#### [Your goal]
Within the entries below, output exactly the lines between the line containing "Pechstein, Max Hermann" and the line containing "LIANG Moisture-Proof Food", inclusive, and omit any picture.

#### [Data section]
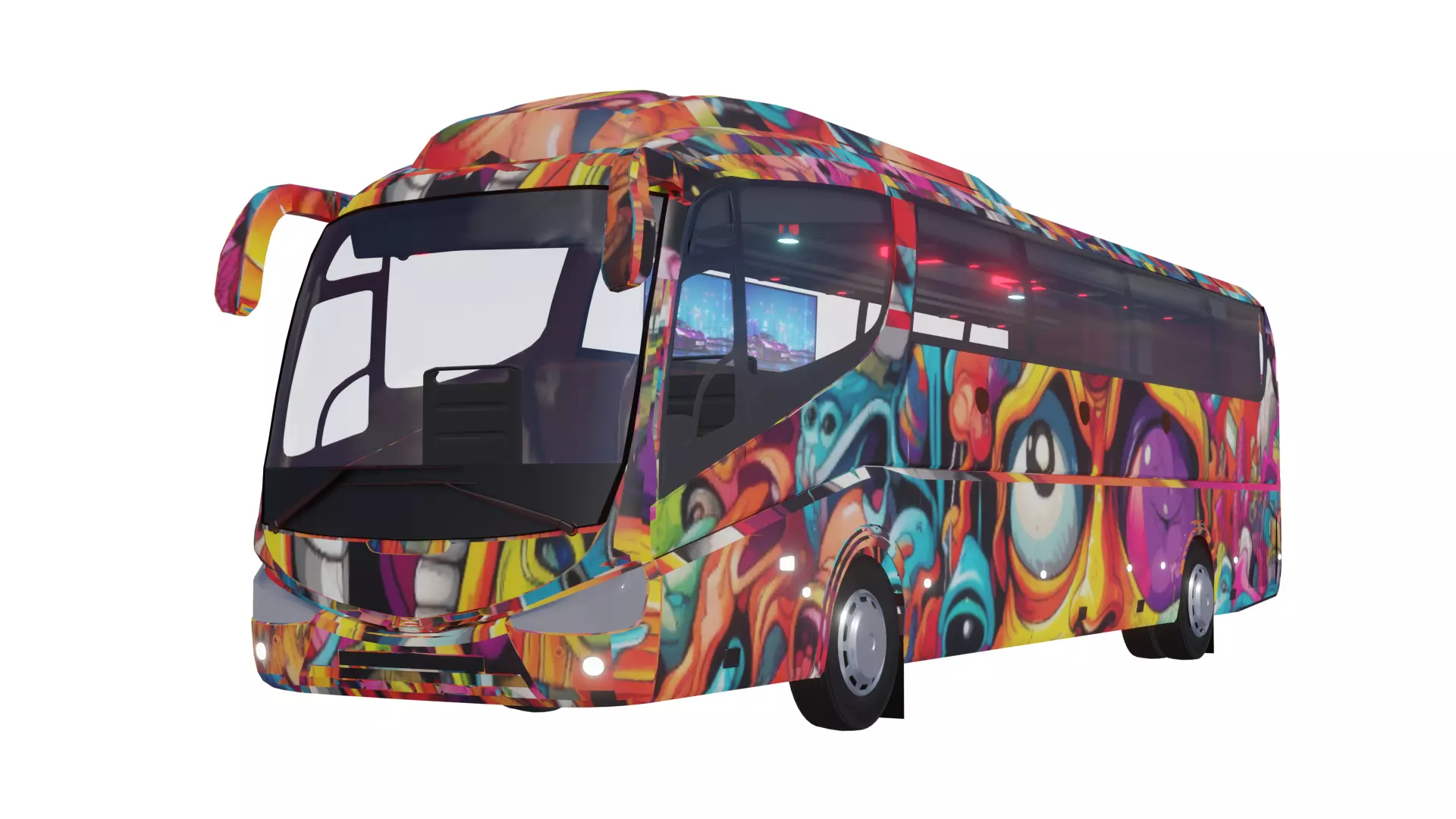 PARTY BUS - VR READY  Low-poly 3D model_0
---
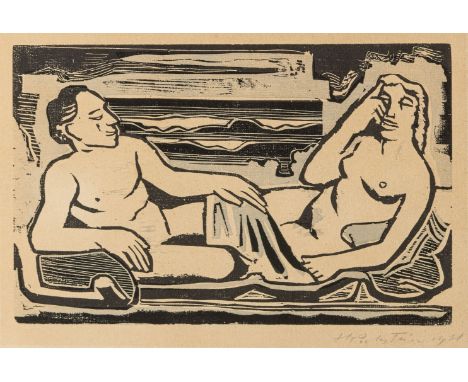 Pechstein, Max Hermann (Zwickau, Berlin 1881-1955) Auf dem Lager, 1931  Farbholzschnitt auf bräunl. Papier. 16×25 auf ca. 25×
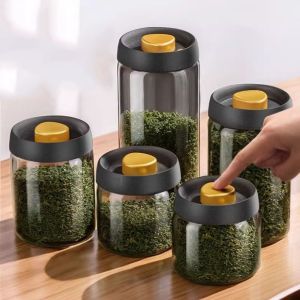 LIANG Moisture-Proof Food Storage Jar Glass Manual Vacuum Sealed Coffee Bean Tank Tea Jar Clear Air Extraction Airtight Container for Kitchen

#### [Response below]
 Pechstein, Max Hermann (Zwickau, Berlin 1881-1955) Auf dem Lager, 1931  Farbholzschnitt auf bräunl. Papier. 16×25 auf ca. 25×
 LIANG Moisture-Proof Food Storage Jar Glass Manual Vacuum Sealed Coffee Bean Tank Tea Jar Clear Air Extraction Airtight Container for Kitchen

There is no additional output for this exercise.